There were also $5,000 donations from Bob Barnes, owner of the Lume cannabis shops, and from Andrew Kempf who’s CEO of 4Front Credit Union. Downtown property owner Terry Beia contributed $4,500, and Brian Mullally who’s a partner in the Innovo development firm contributed $1,942. Downtown businessman and former Downtown Development Authority Board Chairman Bill Golden donated $1,100, and there were also $1,000 donations from former DDA Board members Pam Marsh and Katy Bertodatto, downtown restaurant owner Dave Denison, Andy Cole of the construction management firm Cunningham-Limp, and local businessman and downtown property owner Marty Lagina. Other $1,000 contributors include local residents Stephen Trippe, Christopher Morse and Matt Ness.
Traverse Together spent just more than $40,200 during the pre-election reporting period. Nearly half of that total — $19,350 — was spent on consulting services with Lansing-based consultant Grassroots Midwest.
“We realized we didn’t have the bandwidth it was going to take to run an effective campaign,” said Gary Howe of Traverse City, who’s also a member of the DDA Board and contributed $500 for in-kind donations in website development for Traverse Together. The group also spent $20,100 with Traverse Reproduction and Supply on yard signs, and a similar amount with the same firm for election mailers.

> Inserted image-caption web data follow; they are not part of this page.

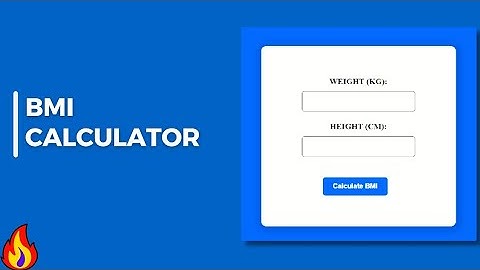 Body Mass Index Calculator Using HTML, CSS, and JavaScript | Becodewala | Frontend Projects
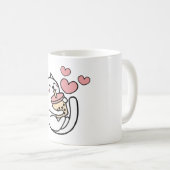 Katze trinkt Boba Milk Kätzchen Kaffeetasse (VorderseiteRechts)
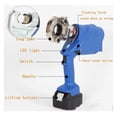 thumbnail image 3 of Recharable Hydraulic Plier, Electric Crimping Tool, Battery Powered Wire Crimper With 16-400mm2 Crimping Ran HL-400 ,Wide Application, 3 of 5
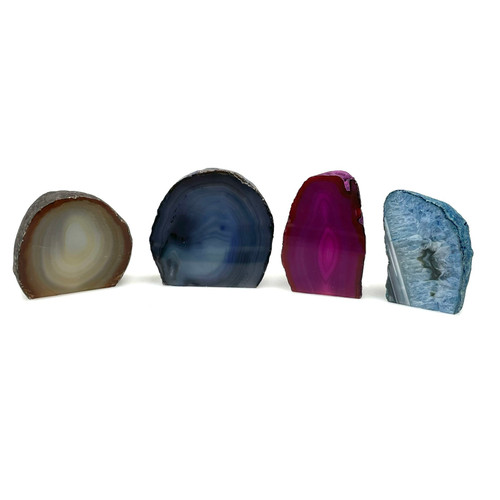 Agate End Cut Base 3-4" 1 Count Assorted Agate End Cut Base 3-4" 1 Count Assorted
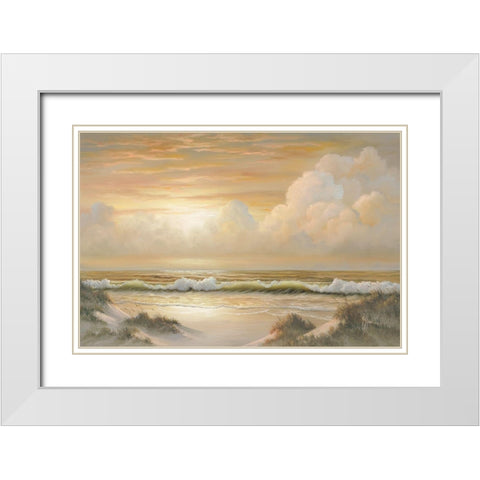 Dusk White Modern Wood Framed Art Print with Double Matting by Jaxn Blvd.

“We knew that a mailer campaign was going to be a big part of our efforts,” Howe said.
For the petition supporters, Bimber is the largest individual donor at a total of $5,000 — that included $1,000 reported in the campaign finance form and a $4,000 donation that came in two days after the Oct. 20 reporting deadline.
Bimber also loaned the campaign $3,647 for postage expenses. TC Taxpayers for Justice also received $1,000 from Karen Nielsen, and $500 each from Traverse City residents Mary Zacks and Fred Anderson who were among about a dozen local contributors to the campaign.

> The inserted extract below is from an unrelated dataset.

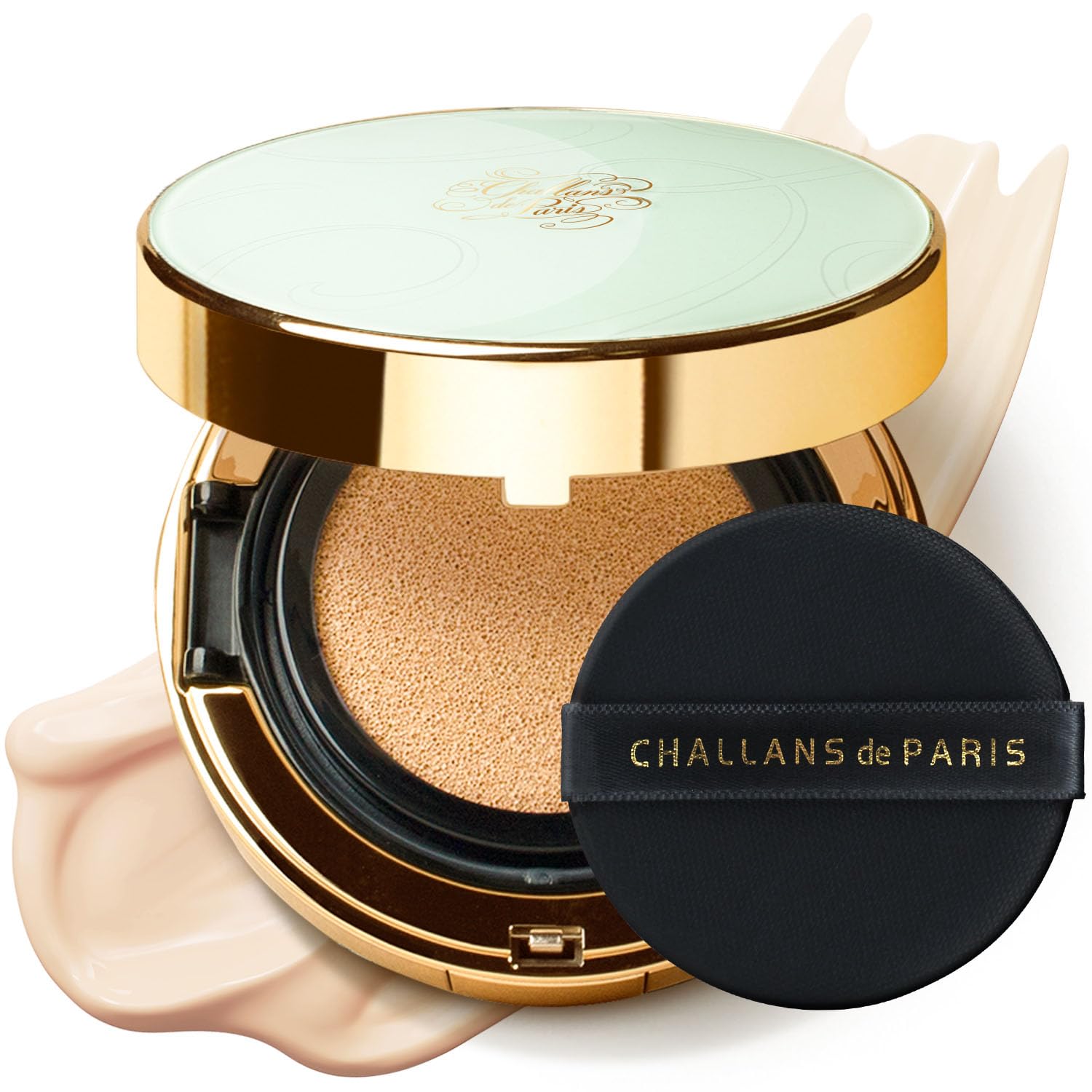 CHALLANS DE PARIS Cushion Lunar Excellence – bouteille-pompe pour une application précise et rapide.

On the expenditure side, TC Taxpayers for Justice spent $4,820 during the reporting period that included $1,031 on yard signs, $2,980 in printing with the Copy Shop, and $790 with Eyes Only Media in Traverse City on advertising expenses.

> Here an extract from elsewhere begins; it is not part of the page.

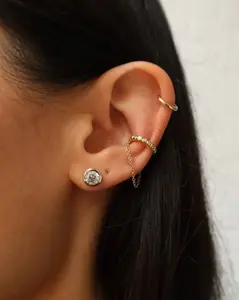 THE ANNA BEZEL STUDS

Traverse Together also holds a large bankroll advantage heading into the closing days of the campaign. It took a balance of $28,301 into the final reporting period, compared to a $105 balance carried over by TC Taxpayers for Justice.
The petition drive for Proposal 1 was conducted last year by the TC Taxpayers group and certified in December, seeking to amend the city charter to require voter approval of all tax increment financing plans or extensions of TIF plans in the city.
The second petition drive for Proposal 2 specifically targets the city’s TIF ‘97 plan — now dubbed Moving Downtown Forward — which was approved for a 30-year extension by the DDA board in August but won’t be considered for action by the City Commission until the outcome of the election is determined. The current TIF plan will sunset in 2027.
TIF is a public financing tool created by the state almost 50 years ago to help redevelop deteriorating downtown districts. It captures the growth in tax revenue from a specific TIF district from a baseline value set when the district is established.
The growth in revenue is collected from all the entities that collect property taxes within the district. In the city’s case, that includes its general fund, Grand Traverse County, the Bay Area Transportation Authority, Northwestern Michigan College and several other local other taxing units.
The revenue growth, including inflationary property value increases as well as tax revenue created by new construction in a TIF district, is routed back into the district for expenses — including infrastructure projects identified in the TIF plan, along with maintenance and other costs associated with the TIF district.
Cumulative campaign finance totals will be reported in the post-election reporting period which extends through Nov. 25. Those reports must be filed by Dec. 7.